The transition to multilingual programming - d0mine
http://www.curiousefficiency.org/posts/2014/08/multilingual-programming.html
======
d0mine
> Choosing UTF-8 aims to treat formatting text for communication with the user
> as "just a display issue". It's a low impact design that will "just work"
> for a lot of software, but it comes at a price:

> \- because encoding consistency checks are mostly avoided, data in different
> encodings may be freely concatenated and passed on to other applications.
> Such data is typically not usable by the receiving application.

> \- for interfaces without encoding information available, it is often
> necessary to assume an appropriate encoding in order to display information
> to the user, or to transform it to a different encoding for communication
> with another system that may not share the local system's encoding
> assumptions. These assumptions may not be correct, but won't necessarily
> cause an error - the data may just be silently misinterpreted as something
> other than what was originally intended.

> \- because data is generally decoded far from where it was introduced, it
> can be difficult to discover the origin of encoding errors.
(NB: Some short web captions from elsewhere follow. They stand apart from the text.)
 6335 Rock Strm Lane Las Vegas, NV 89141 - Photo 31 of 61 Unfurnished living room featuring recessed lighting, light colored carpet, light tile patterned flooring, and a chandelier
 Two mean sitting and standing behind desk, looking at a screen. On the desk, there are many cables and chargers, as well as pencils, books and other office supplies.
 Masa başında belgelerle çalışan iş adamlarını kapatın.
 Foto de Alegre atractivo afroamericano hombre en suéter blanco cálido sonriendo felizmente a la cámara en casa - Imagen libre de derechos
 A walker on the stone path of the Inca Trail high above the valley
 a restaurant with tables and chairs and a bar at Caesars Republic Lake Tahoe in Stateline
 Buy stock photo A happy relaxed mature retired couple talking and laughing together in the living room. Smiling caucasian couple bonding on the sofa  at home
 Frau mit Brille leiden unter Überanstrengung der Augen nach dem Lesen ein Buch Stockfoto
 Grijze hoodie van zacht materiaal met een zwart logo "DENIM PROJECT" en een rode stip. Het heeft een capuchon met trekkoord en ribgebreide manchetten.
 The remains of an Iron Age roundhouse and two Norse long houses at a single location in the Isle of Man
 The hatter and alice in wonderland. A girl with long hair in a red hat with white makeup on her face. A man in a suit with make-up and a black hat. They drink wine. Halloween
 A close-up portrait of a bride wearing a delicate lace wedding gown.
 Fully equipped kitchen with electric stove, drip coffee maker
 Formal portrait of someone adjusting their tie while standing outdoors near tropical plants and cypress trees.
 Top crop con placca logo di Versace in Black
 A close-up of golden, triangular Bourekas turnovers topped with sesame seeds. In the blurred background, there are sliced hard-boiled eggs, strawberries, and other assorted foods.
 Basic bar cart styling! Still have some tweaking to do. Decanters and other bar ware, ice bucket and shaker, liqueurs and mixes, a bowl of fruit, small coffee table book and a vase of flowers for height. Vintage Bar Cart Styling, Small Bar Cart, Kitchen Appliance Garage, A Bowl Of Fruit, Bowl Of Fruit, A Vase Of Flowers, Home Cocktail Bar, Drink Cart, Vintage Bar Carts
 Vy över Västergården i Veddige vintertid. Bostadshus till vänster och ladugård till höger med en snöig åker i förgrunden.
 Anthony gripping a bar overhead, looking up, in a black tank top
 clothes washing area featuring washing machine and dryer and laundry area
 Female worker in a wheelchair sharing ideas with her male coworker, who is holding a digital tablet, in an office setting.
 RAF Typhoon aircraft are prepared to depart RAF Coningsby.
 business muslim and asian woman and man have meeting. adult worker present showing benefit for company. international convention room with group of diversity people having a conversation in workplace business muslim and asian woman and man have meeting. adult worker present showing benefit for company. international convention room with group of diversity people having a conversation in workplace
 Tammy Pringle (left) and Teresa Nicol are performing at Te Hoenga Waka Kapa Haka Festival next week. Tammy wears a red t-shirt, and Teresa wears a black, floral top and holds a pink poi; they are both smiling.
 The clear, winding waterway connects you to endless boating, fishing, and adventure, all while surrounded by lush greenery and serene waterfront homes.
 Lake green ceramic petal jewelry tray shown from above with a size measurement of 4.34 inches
It seems surrogateescape error handler introduces these issues back (only for
Unicode strings instead of bytes this time) i.e., a+b is no longer well-
defined (a, b Unicode strings may have lone surrogates due to different
reasons). JSON permits lone surrogates in its strings so the data can easily
spread over the network too.

> \- as a variable width encoding, it is more difficult to develop efficient
> string manipulation algorithms for UTF-8. Algorithms originally designed for
> fixed width encodings will no longer work.

> \- as a specific instance of the previous point, it isn't possible to split
> UTF-8 encoded text at arbitrary locations. Care needs to be taken to ensure
> splits only occur at code point boundaries.

It seems like a premature optimization to claim that UTF-8 being variable-
width encoding is a performance bottleneck in most applications.

And if we want to show the data to a user then we should handle user-perceived
characters (\X regex) that may span several Unicode codepoints e.g., to avoid
splitting a Unicode string inside a character.

\---

Unicode by default is more complex than the article makes it appear to be
e.g., see 🎅 𝕹 𝖔 𝕸 𝖆 𝖌 𝖎 𝖈 𝕭 𝖚 𝖑 𝖑 𝖊 𝖙 🎅 (it is for Perl but Unicode issues are
mostly universal)
[https://stackoverflow.com/a/6163129](https://stackoverflow.com/a/6163129)